(UPDATED COVERAGE, Noon) BELLE GLADE, Fla. — Growers say south Florida vegetable crops have extensive damage after freezing temperatures struck during the early morning hours of Jan. 11.
Though Florida strawberries have survived a week of freezing temperatures, the state's vegetables and tomatoes in Immokalee and Belle Glade have in early estimates sustained extensive damage from the record cold.
Citrus and strawberries apparently have escaped major damage, but strawberry shipments remain at a standstill.
Growers say temperatures in Immokalee, where winter vegetables including tomatoes are grown, remained below freezing for more than nine hours.
One vegetable grower-shipper said f.o.b. prices and quality will be affected greatly.
Officials with Immokalee-based Six L’s Packing Co. Inc. were in the fields inspecting damage the morning of Jan. 11.
“I believe we will have some extensive damage,” said Mike Shier, sales manager for Six L’s’ vegetable department. “We had some extreme low temperatures.”
Growers say temperatures fell to 27-28 degrees in southwest Florida.
Homestead, where eggplant, green beans, sweet corn and tomatoes are grown, received some ice and 30-degree temperatures. Shier and other grower-shippers say they are hearing that region sustained damage as well.
Garrett Griffin, a salesman for S.M. Jones & Co. Inc., said he heard Homestead, which grows the majority of Florida’s January and February corn, sustained extensive damage.
“I’m not really sure what we have left (there),” he said.
Ted Campbell, executive director of the Florida Strawberry Growers Association, Dover, said the strawberry deal has survived the temperatures that fall to the mid-20s.
“The only places where we have apparent issues now are where growers had equipment failures or gaps in sprinkler coverage,” he said Jan. 11. “All things considered, the plants have iced-over well overnight. Once we get back to normal temperatures, the leaves will begin to show. Though everything is stressed, the plants should come out of it.”
Though Campbell said some modest harvesting was done Jan. 8, the weather is keeping the plants from producing many berries.
Campbell said one grower north of Plant City reported the temperature falling to as low as 18 degrees.
Though the industry was assessing damages on Jan. 11, Andrew Meadows, director of communications for Florida Citrus Mutual, Lakeland, said the brunt of the damage occurred in the north and west side of the state’s citrus belt along Desoto, Hardee and Hendry counties.
He said east and central Florida growing regions — the bulk of the fresh deal — escaped serious damage.
“The reports we are getting tell us there is frozen fruit as well as twig and leaf damage out there now (but) it may be days or weeks until we figure out whether there is long-term tree damage,” Michael Sparks, executive vice president and chief executive officer, said in a news release. “Complicating the issue is the sheer number of cold days we had in a row. I can’t remember anything like it.”
For citrus fruit damage to set in, temperatures must reach 28 degrees for four hours or more, Meadows said.

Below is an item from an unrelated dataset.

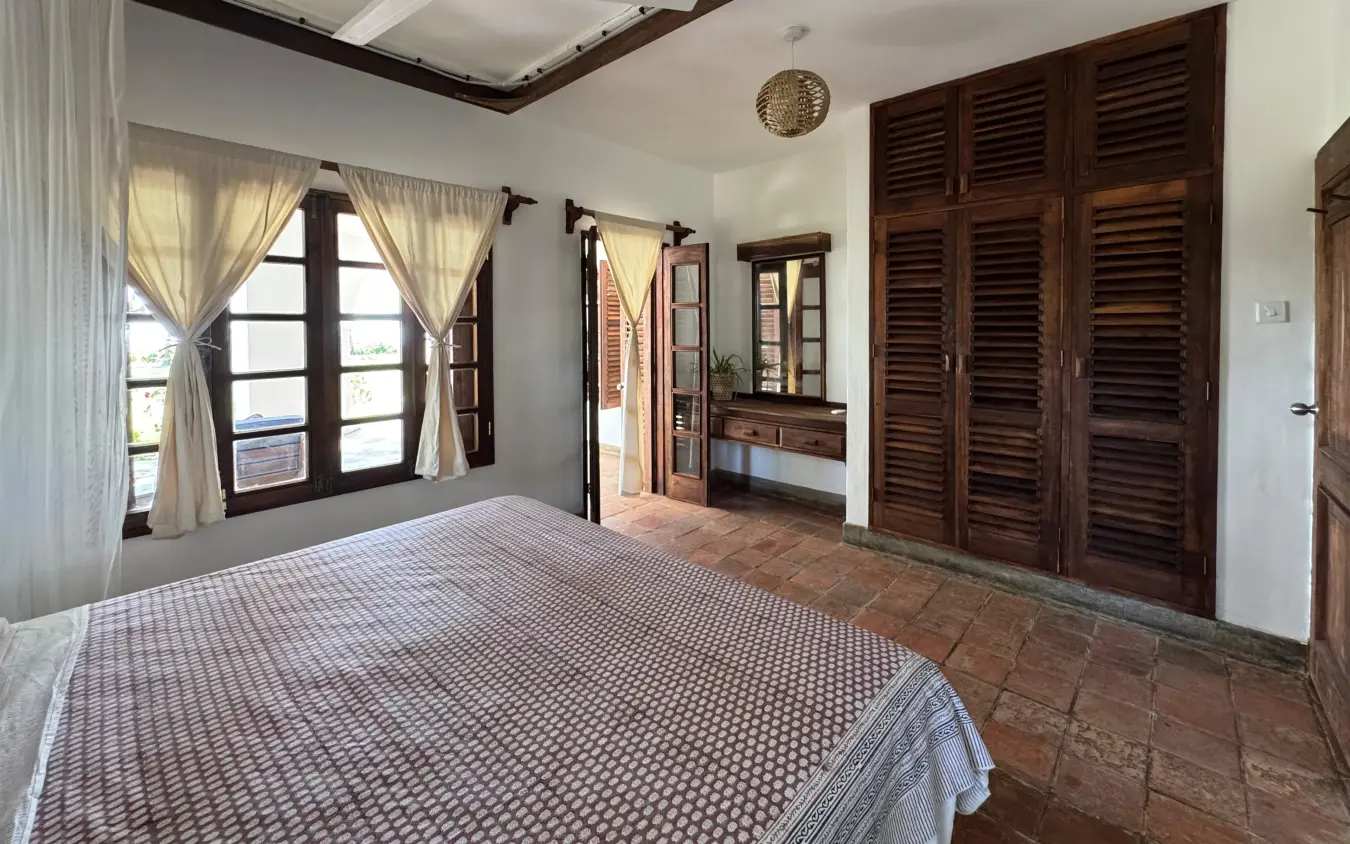 Spacious bedroom with wooden shutters and terra cotta floor tiles, Enkare Bofa, Kilifi, Kenya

Doug Bournique, executive vice president of the Indian River Citrus League, Vero Beach, said constant wind kept temperatures from falling too low and prevented major damage to the region’s grapefruit.
“We got lucky as the wind mixed the air uniformly,” he said Jan. 11. “It’s better to have a little bit of wind all night than no wind because when it gets real still, it radiates out any heat. We would it rather be 28-30 degrees uniformly than to have pockets where it’s colder. On previous nights, we got some spotty cold pockets spotty with very light damage but not significant.”